La más realista y perturbadora de las fábulas
Hasta ahora asistente de dirección de Marcelo Piñeyro, Cohan sabe contar el cuento, pero logra otra cosa a la que los buenos policiales no necesariamente aspiran, pero inevitablemente alcanzan: muestra como ente criminal a la sociedad que le sirve de caldo.
Para hacer un buen policial hay que haber frecuentado el género. Se requiere rigor, cuidado por el detalle preciso, picardía para la sorpresa, habilidad en la dosificación de información, pulso firme y capacidad de generar tensión a través del encuadre y el montaje. Graduado de la FUC y formado durante años junto a Marcelo Piñeyro, Sin retorno parece indicar a Miguel Cohan, hasta ahora asistente de dirección, como alguien que tiene lo que hay que tener. Sabe contar el cuento, pero logra otra cosa a la que los buenos policiales no necesariamente aspiran, pero inevitablemente alcanzan: muestra como ente criminal a la sociedad que le sirve de caldo.
En nueve de cada diez casos, el género funciona como calmante de la clase media, desplazando el crimen hacia uno de los extremos de la pirámide social. Sin retorno pone al espectador de clase media frente a un espejo turbio. Policial genuinamente argentino, no es raro que la cadena de culpabilidades y ocultamientos que la película desata se origine en un accidente de tránsito. Nadie tuvo la culpa, podría pensarse. Ni el tipo que en medio de la noche dejó la bicicleta sobre la calzada y se puso a buscar unos papeles, ni el que por una maniobra desgraciada lo atropelló, ni el pibe que venía atrás y por una distracción circunstancial le dio el golpe de gracia. Pero podría pensarse lo contrario: todos tuvieron parte de culpa. El de la bici, por confiar demasiado en el escaso tránsito de ese sábado a la noche. El que lo atropelló primero, por putearlo, en lugar de ayudarlo. Y el que venía detrás, por ocultar lo que pasó, “mandando en cana”, literalmente, a un inocente. Inocente de eso, al menos. Tal como suele suceder en la realidad, todos los personajes de Sin retorno funcionan como eslabones de la cadena de culpabilidades.
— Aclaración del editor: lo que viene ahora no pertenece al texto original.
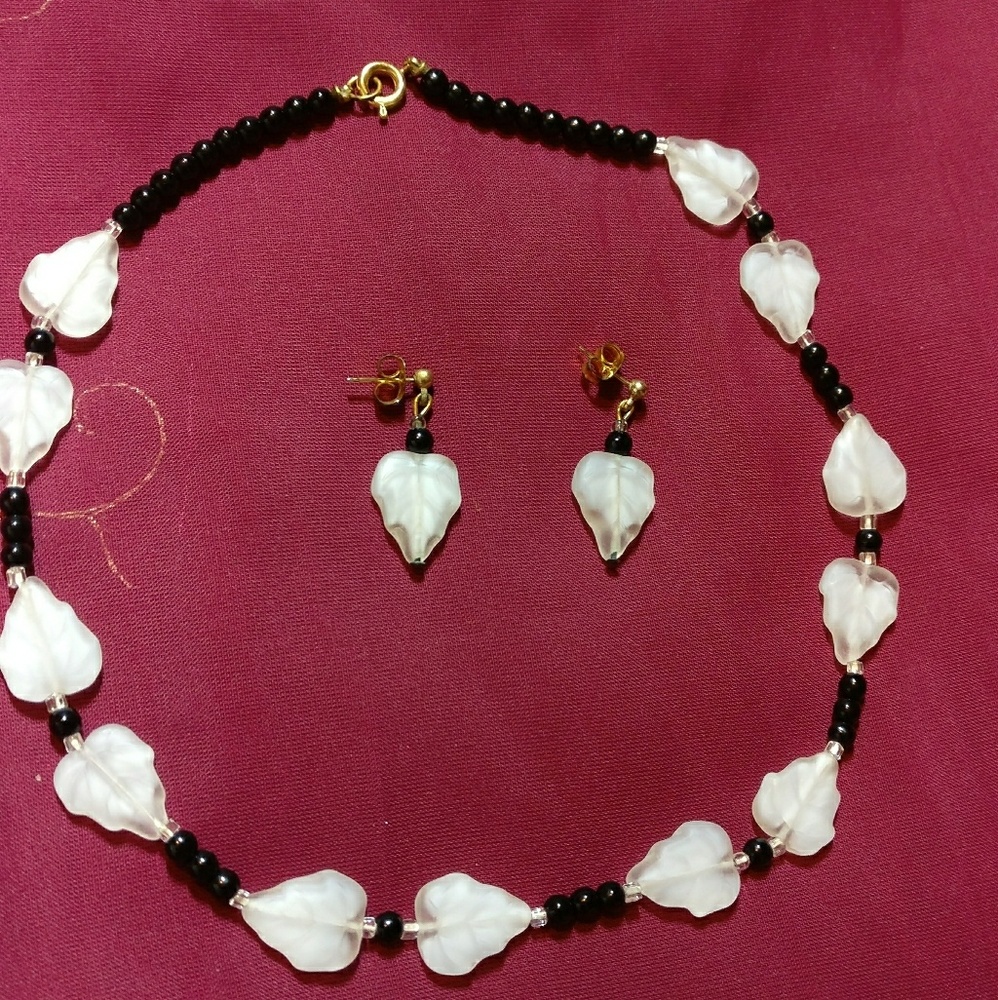 Vintage Frosted Czech Glass Bead Necklace/Earring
O casi todos. Posibles excepciones: una fiscal, que hace lo que corresponde, y el padre de la víctima (Federico Luppi, cuya sola aparición en un policial remite a Aristarain), que pudiendo hacer justicia por mano propia se niega, entreviendo tal vez que una ejecución a sangre fría no le devolverá a su hijo. Todos los demás están cuestionados. Incluyendo la víctima, sus dos atropelladores sucesivos, los padres del segundo de ellos, la policía (cuya presencia es tan inexistente como en la realidad), la compañía aseguradora y la Justicia, que halla culpable al que no fue. Todos ellos arman un rompecabezas de la normalidad de clase media. Desde el matrimonio integrado por un ventrílocuo (Leonardo Sbaraglia) y su esposa (la española Bárbara Goenaga) hasta la familia compuesta por un estudiante de arquitectura (Martín Slipak) y sus padres (el ingeniero Luis Machín y la odontóloga Ana Celentano), pasando por el liquidador de seguros, dispuesto a barrer todo bajo la alfombra, a cambio de un 20 por ciento (Arturo Goetz, con un peluquín que lo hace parecido a Pepe Biondi). Magníficamente actuada (con excepción de la decorativa Goenaga y un pico en Sbaraglia, que vira de la transparencia a la oscuridad), esas culpas repartidas no hacen de Sin retorno una de esas películas pesadamente culpabilizadoras, al estilo de las del mexicano González Iñárritu. Como el apellido del personaje de Sbaraglia (Samaniego) lo señala, Sin retorno aspira a la condición de fábula moral. Pero Cohan –cuyo timing y precisión le permiten no errar ni un solo encuadre– se cuida muy bien de moralinas y moralejas. Sin el menor subrayado, deja que cualquier conclusión se desprenda de los hechos. El trabajo sobre el punto de vista es ejemplar. Como en los films del vienés Otto Preminger (Más allá de la duda, ambiguo policial-moral-jurídico de Fritz Lang, es otro posible antecedente), el espectador es colocado no en el lugar de uno de los protagonistas, sino en el de todos. Pero nunca de modo definitivo. Tómese por ejemplo el personaje clave de Martín Slipak, capaz de generar repulsión, empatía, identificación y hasta piedad.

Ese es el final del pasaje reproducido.